Work request :: For the entries below, print exactly the lines between the line holding "express fuzzy sweater" and the line holding "Neverless Sweatshirt 'Anarchy Gym' in Blue", inclusive, and nothing else.

Caption-style text data ::
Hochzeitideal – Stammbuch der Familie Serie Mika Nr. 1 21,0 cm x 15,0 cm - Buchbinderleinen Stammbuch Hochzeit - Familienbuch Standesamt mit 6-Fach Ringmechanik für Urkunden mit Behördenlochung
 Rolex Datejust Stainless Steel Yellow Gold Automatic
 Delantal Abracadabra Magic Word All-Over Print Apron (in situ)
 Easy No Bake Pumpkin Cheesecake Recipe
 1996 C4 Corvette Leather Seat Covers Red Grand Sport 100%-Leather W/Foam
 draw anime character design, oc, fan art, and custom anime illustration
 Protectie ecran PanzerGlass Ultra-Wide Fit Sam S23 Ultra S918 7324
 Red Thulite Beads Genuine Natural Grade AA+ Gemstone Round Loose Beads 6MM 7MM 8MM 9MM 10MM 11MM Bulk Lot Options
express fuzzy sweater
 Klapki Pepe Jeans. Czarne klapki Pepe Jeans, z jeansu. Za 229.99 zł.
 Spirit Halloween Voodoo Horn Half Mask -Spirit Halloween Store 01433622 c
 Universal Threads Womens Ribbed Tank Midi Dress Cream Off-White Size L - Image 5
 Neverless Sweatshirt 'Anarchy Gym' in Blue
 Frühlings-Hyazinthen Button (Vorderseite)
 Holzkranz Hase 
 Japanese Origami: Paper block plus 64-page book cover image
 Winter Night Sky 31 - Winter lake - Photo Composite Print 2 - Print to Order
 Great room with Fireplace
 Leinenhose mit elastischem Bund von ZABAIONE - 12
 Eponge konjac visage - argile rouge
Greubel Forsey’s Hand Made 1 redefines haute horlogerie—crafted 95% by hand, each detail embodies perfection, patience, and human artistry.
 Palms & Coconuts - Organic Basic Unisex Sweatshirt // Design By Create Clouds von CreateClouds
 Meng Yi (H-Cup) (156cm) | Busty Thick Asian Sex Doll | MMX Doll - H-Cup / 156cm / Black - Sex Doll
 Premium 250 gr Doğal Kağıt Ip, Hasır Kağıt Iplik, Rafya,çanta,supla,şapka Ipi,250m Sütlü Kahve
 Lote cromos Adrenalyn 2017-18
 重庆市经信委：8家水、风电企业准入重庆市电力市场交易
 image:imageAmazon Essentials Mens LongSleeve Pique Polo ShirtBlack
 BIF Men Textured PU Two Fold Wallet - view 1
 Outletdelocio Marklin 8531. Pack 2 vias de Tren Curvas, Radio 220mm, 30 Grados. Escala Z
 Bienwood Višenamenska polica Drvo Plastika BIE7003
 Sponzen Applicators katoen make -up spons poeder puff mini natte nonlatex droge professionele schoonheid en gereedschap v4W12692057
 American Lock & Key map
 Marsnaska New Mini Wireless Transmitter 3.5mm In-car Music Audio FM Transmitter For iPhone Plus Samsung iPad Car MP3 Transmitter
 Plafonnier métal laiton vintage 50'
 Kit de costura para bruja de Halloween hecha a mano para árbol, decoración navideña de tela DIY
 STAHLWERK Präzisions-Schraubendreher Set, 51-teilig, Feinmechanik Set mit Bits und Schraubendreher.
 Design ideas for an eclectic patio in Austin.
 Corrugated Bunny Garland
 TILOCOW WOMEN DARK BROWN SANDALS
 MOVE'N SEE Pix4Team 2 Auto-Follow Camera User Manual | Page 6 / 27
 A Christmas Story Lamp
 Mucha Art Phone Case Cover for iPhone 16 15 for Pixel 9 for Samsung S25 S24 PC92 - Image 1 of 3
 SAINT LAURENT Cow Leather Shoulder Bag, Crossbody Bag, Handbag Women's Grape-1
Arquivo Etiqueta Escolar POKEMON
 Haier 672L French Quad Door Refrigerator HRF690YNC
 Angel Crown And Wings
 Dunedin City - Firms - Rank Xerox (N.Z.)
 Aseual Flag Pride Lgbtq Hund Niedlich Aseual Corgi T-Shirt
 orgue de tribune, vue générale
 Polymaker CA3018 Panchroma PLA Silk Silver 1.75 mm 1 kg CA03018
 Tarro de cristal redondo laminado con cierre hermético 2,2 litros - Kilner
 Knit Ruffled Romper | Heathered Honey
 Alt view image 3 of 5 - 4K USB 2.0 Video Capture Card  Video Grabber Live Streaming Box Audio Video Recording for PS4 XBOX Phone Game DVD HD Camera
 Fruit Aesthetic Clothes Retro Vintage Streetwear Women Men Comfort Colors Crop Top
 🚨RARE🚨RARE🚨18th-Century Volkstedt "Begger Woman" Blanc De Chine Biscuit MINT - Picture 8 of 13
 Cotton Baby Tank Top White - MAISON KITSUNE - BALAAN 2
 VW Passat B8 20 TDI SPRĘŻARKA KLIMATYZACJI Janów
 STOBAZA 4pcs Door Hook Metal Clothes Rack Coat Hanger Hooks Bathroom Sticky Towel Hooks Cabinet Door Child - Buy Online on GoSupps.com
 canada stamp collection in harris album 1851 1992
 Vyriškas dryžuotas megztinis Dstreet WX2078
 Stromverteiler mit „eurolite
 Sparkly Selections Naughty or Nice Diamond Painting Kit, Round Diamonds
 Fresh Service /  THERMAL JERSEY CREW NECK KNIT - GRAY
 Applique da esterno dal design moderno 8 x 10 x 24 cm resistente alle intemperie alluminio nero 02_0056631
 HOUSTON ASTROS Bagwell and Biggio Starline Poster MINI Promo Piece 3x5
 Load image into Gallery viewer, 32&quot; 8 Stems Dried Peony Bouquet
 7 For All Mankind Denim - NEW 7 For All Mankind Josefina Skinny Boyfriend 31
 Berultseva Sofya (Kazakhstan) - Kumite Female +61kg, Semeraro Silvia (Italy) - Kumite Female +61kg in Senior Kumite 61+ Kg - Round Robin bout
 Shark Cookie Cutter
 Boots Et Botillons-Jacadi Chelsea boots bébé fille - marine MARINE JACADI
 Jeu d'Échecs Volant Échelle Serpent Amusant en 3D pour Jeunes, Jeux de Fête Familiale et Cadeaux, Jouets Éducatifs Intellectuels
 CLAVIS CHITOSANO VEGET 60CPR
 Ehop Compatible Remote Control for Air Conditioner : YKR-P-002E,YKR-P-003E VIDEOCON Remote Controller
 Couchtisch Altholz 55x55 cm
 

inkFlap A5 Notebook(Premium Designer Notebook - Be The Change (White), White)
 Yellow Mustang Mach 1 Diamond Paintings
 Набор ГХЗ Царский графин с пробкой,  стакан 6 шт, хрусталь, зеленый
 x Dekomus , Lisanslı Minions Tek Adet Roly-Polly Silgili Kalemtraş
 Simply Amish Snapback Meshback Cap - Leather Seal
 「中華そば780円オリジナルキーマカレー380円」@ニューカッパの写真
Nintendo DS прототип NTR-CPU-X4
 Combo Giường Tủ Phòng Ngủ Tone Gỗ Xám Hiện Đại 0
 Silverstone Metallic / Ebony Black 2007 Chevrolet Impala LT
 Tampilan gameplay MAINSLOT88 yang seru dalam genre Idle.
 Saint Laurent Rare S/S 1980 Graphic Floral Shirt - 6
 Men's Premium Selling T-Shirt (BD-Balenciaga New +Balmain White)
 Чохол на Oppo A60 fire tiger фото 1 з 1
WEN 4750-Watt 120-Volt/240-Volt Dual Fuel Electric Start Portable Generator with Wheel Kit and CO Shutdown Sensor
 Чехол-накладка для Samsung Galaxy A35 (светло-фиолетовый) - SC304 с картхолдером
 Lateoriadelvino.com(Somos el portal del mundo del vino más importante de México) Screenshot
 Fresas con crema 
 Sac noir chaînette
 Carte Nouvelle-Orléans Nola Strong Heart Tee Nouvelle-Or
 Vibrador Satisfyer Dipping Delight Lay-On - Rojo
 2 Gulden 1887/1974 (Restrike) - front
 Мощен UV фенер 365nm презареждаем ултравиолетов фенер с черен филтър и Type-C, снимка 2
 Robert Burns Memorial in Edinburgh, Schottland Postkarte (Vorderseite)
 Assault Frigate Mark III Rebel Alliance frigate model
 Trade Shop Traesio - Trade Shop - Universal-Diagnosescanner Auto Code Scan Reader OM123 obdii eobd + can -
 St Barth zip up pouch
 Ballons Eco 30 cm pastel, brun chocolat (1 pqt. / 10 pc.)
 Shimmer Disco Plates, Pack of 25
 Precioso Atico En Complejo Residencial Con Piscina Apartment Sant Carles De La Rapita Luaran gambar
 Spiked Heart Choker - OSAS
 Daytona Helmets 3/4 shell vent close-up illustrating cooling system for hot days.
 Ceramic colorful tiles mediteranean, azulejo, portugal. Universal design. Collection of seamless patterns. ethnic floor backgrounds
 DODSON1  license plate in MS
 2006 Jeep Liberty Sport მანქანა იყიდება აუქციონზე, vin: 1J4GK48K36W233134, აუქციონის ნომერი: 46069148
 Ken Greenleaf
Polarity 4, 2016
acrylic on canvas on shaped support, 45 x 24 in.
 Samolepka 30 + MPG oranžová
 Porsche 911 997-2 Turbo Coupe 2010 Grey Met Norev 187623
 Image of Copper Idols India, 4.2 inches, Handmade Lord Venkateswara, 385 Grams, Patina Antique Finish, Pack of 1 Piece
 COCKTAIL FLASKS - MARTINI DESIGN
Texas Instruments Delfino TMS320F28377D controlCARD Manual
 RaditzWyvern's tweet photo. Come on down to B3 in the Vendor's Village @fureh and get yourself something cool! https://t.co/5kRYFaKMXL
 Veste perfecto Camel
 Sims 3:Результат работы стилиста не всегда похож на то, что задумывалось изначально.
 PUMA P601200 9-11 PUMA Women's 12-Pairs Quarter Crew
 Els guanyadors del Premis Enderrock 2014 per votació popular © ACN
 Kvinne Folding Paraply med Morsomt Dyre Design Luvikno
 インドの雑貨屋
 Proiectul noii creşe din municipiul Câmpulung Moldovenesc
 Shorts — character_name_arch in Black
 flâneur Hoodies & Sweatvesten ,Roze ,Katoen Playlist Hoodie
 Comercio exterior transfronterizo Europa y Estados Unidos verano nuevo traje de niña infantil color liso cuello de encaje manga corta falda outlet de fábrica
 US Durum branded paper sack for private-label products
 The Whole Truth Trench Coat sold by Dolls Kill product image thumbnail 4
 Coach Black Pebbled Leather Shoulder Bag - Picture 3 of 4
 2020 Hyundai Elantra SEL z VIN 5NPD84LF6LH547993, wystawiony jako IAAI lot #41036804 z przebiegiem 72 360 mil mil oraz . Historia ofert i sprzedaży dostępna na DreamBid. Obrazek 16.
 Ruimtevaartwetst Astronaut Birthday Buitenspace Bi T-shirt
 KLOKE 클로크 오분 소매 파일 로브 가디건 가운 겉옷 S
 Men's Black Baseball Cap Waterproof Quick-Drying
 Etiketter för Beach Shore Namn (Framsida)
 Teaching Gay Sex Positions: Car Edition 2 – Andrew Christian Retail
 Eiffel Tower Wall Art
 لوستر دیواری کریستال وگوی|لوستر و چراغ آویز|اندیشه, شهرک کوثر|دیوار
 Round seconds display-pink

Result of the exercise ::
express fuzzy sweater
 Klapki Pepe Jeans. Czarne klapki Pepe Jeans, z jeansu. Za 229.99 zł.
 Spirit Halloween Voodoo Horn Half Mask -Spirit Halloween Store 01433622 c
 Universal Threads Womens Ribbed Tank Midi Dress Cream Off-White Size L - Image 5
 Neverless Sweatshirt 'Anarchy Gym' in Blue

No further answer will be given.